▶ **EXERCISE DIRECTIONS**: Directions for the data below: repeat exactly the lines from the one with "Deep blue hydrangea" through the one with "Diuris sp. (hybrid)", both included, and omit all pictures.

▶ **RECORDS SHOWN**:
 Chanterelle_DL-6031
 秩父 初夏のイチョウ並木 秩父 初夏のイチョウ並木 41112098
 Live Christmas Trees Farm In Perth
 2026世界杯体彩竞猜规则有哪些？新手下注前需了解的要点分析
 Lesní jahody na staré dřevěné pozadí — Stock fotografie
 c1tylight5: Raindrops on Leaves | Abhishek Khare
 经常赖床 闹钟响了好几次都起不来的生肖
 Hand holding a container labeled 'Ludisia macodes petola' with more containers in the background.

...

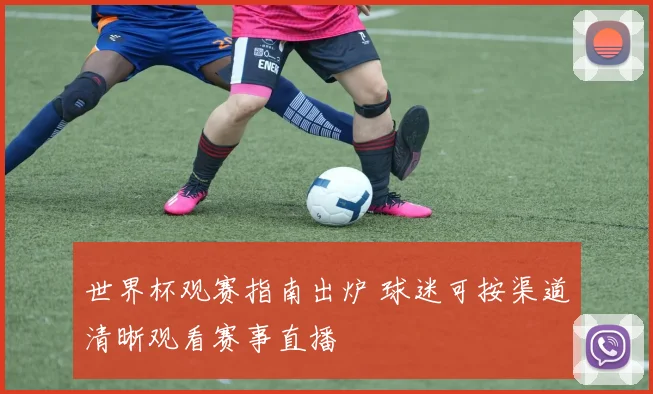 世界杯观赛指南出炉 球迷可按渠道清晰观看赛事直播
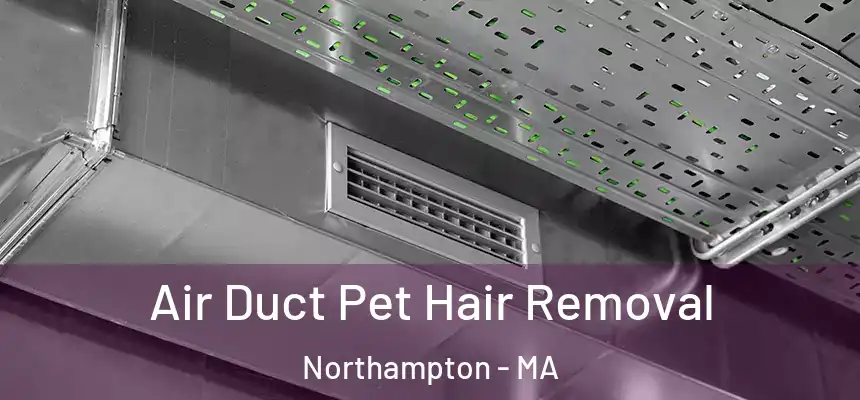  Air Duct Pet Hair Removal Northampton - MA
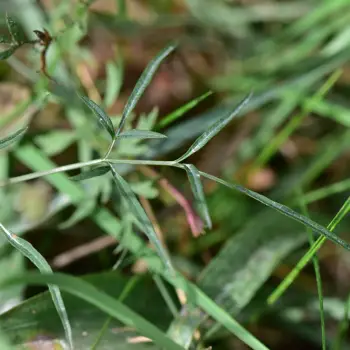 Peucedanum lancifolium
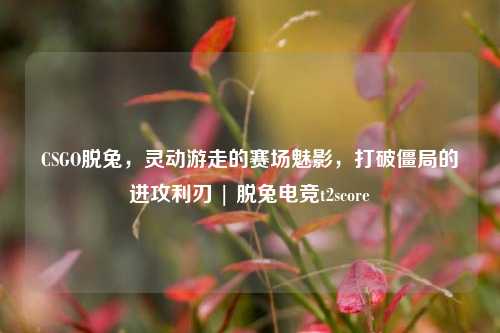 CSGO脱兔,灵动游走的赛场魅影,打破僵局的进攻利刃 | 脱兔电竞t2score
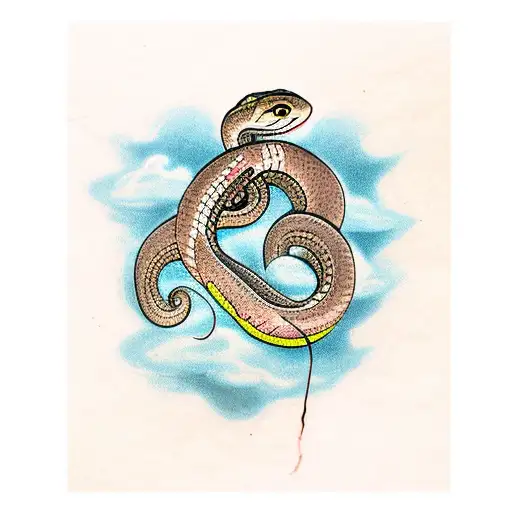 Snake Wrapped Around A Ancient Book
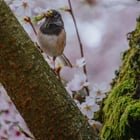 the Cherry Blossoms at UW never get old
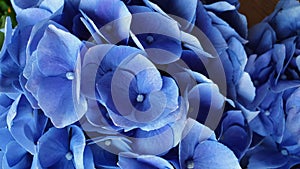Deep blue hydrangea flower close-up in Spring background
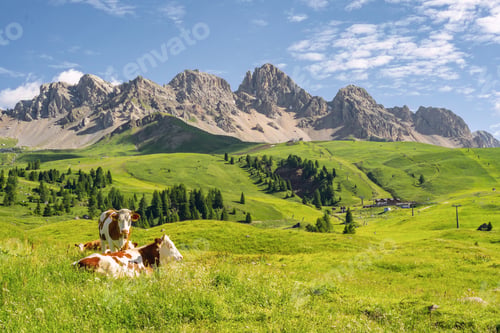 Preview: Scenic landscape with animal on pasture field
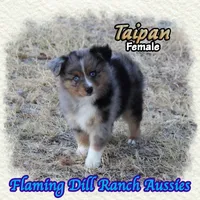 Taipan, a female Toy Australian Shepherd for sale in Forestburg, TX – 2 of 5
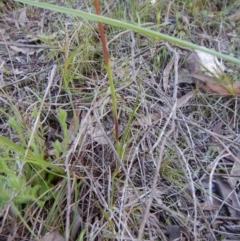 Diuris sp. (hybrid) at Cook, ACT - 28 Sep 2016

...

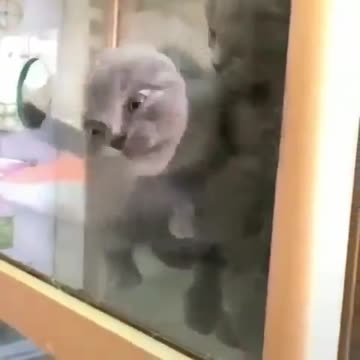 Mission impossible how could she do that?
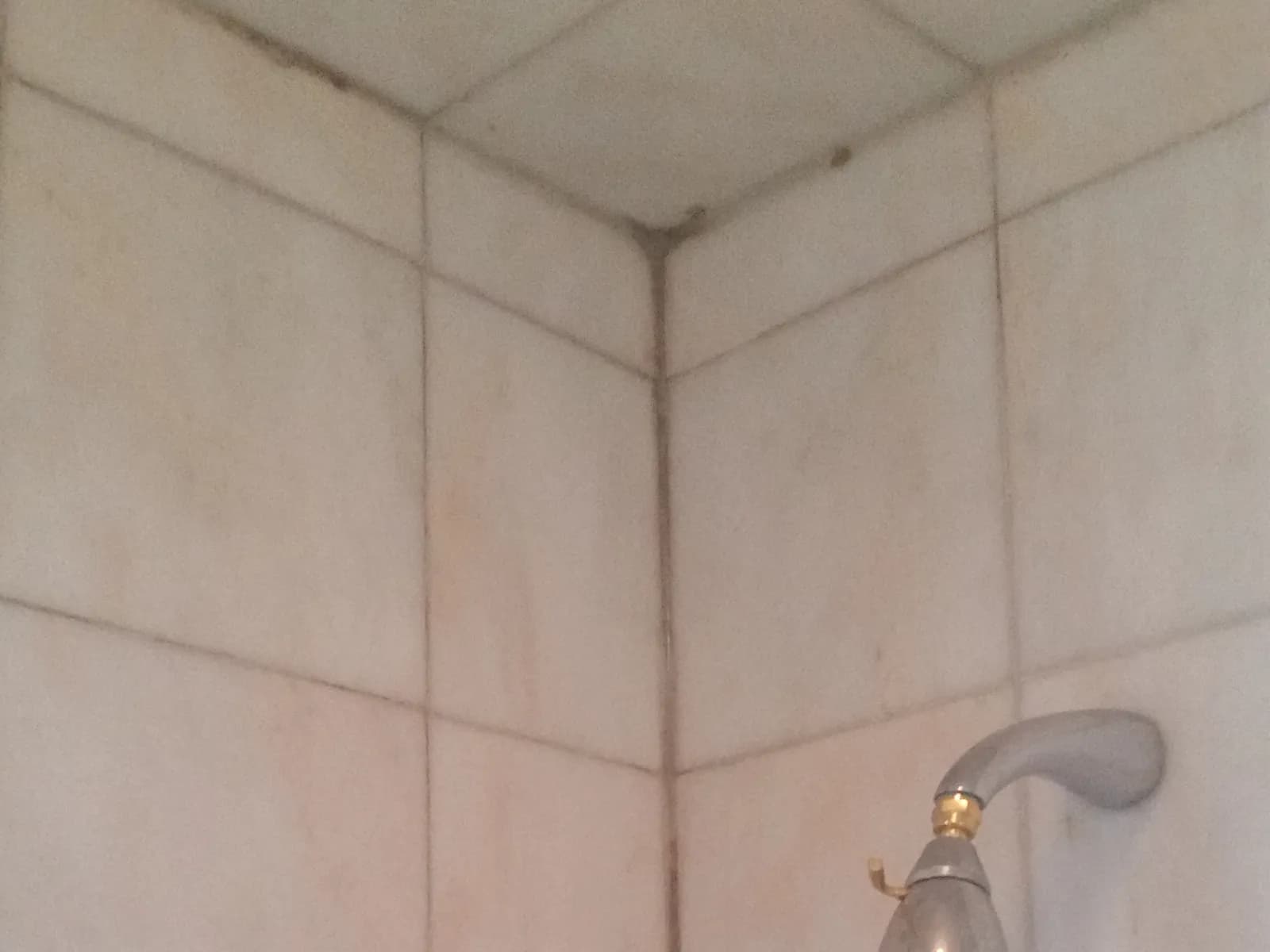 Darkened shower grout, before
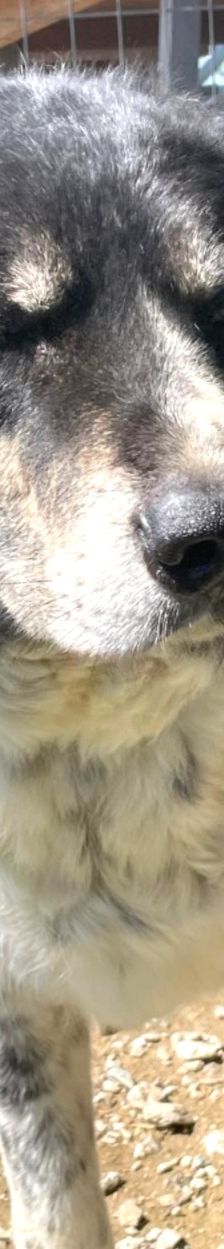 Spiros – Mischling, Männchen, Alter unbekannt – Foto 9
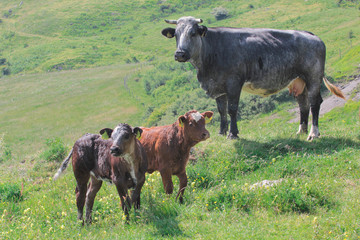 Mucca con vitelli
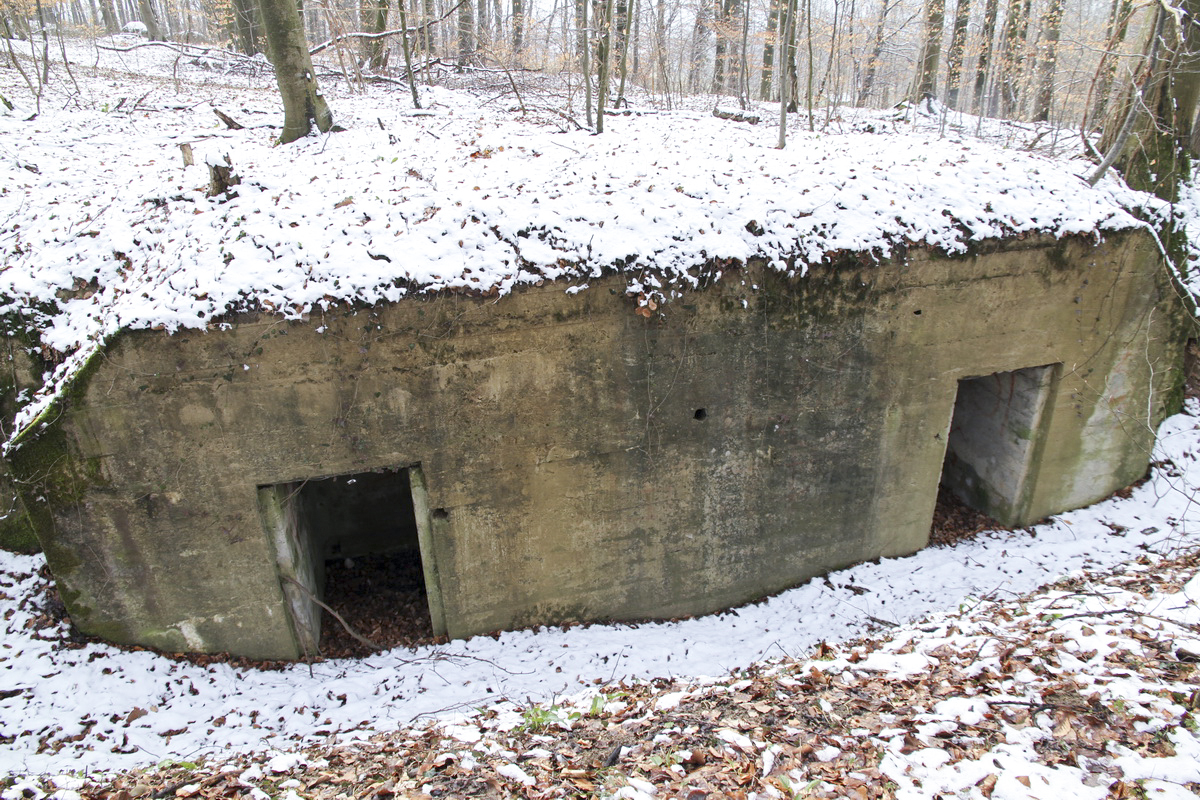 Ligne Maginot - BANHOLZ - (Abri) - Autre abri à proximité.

▶ **SOLUTION TO THE PROBLEM**:
Deep blue hydrangea flower close-up in Spring background
 Preview: Scenic landscape with animal on pasture field
 Taipan, a female Toy Australian Shepherd for sale in Forestburg, TX – 2 of 5
 Diuris sp. (hybrid) at Cook, ACT - 28 Sep 2016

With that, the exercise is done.